Este libro contiene tanto una cosmogénesis (“América no estaba”) como una antropogénesis. Es el surgimiento de una estirpe: “el juanandino”, semejante a una antigua divinidad: “estatua de cobre nuevo / gastada serpiente alada / una gran sombra que pasa en busca de su reposo / solo / sin ayuda / dejando como alimaña la piel entre las rocas / hasta verse desnudo / despojado / hueso vacío / y deshecho su perfil de cobre” (1972: 26). Es una raza vencida, desalojada, pero que persiste consustanciada con la fauna, “con su puma escondido en las entrañas” y “el cóndor de su melena” (1962: 27).
Es también “la juana raza”: “está todo tan callado que la juana / bajo cuatro horcones de su rancho / ve a la luna extender polleras de nácar sobre su esqueleto de bruñido cobre” (1962: 41). Es Eva, madre de los vivientes, “tan mujer universalmente madre / tan diluvio de besos tan surco fértil / y sudor nupcial” (1972: 43). Es igualmente “la juana del juan sin ánimos”; por ambos surge el lamento con ritmo de composición popular: “digo yo / están tan guachos el juan y la juana / digo yo / pa’ qué sirve la historia / digo yo / no sé pregunto / perdonen” (1972: 46).
Destaca la intención esencializadora de los nombres, que resumen tantas historias: “puchadiga con el juan colgado de la alborada / y en el canto y el cansancio embalsamado / hundido en la tristeza vital de su guitarra” (1962: 47), y la juana, nada más que pariendo hijos.
A la vez, se da cuenta de la historia de América desde una óptica muy particular, en alusión al proceso de conquista y colonización evocado metafórica y sugerentemente: “le voltean las aldeas encima / como adobes desde un sueño” (1972: 15).

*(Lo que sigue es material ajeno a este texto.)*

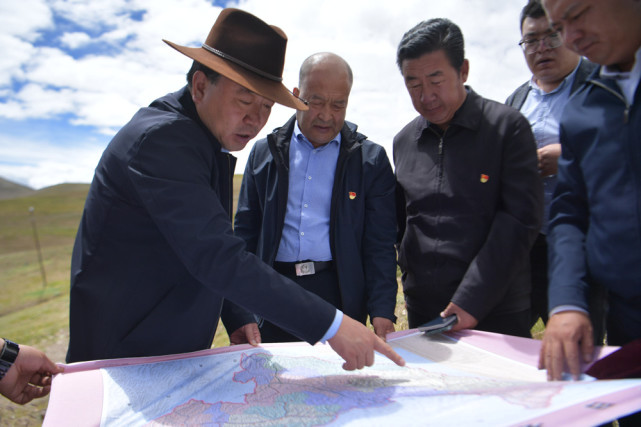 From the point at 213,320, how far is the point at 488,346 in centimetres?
138

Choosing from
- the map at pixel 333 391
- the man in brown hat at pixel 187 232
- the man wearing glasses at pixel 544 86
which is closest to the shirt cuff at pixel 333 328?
the man in brown hat at pixel 187 232

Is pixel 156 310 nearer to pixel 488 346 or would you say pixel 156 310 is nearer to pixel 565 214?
pixel 488 346

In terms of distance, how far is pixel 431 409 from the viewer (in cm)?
152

América permanece, simbolizada en lo mineral, lo subyacente: “sílice secreto”, “ónix”, “batallas rosas de los granitos”, “las guirnaldas saeteadas de los basalto / la chispa del incendio florita / y el gallo chispeante de la zurita / en los cerros terciarios y vegetales” (1972: 16-17).
Esto es así porque solo quedan despojos de lo humano primigenio: “en la huella hay ramos de huesos / látigos de lenguas y aire de rosa negra” (1972: 15-16). Existe un antagonismo de razas y culturas, metonímicamente presentado, a través de “cabezas alfareras / barbas de totora / arcabuz en alto incendio”. Hay una evocación de la “La madre lustral /…/ violada la cáscara de su soledad de cúpula” (1972: 16), pero también de la añoranza del otro actor del mestizaje, venido de ultramar, el soldado que “estaciona / los peces de su aliento / en la mitad marina de un recuerdo” (1972: 16).
Pero luego de esa suerte de cataclismo cósmico que significó el encuentro de las dos razas: “el pedernal de la guerra es desgastado / y una fantasmal piedad de harina sonora / subiendo por los miasmas nupciales del criollo / une la última ebullición de su lava / con el brote en primavera de América” (1972: 18), y la identidad es un emprendimiento necesario: “¡Americanos! / No basta con mirarse el rostro en el espejo / si no se va más allá de las pestañas” (1965: 47).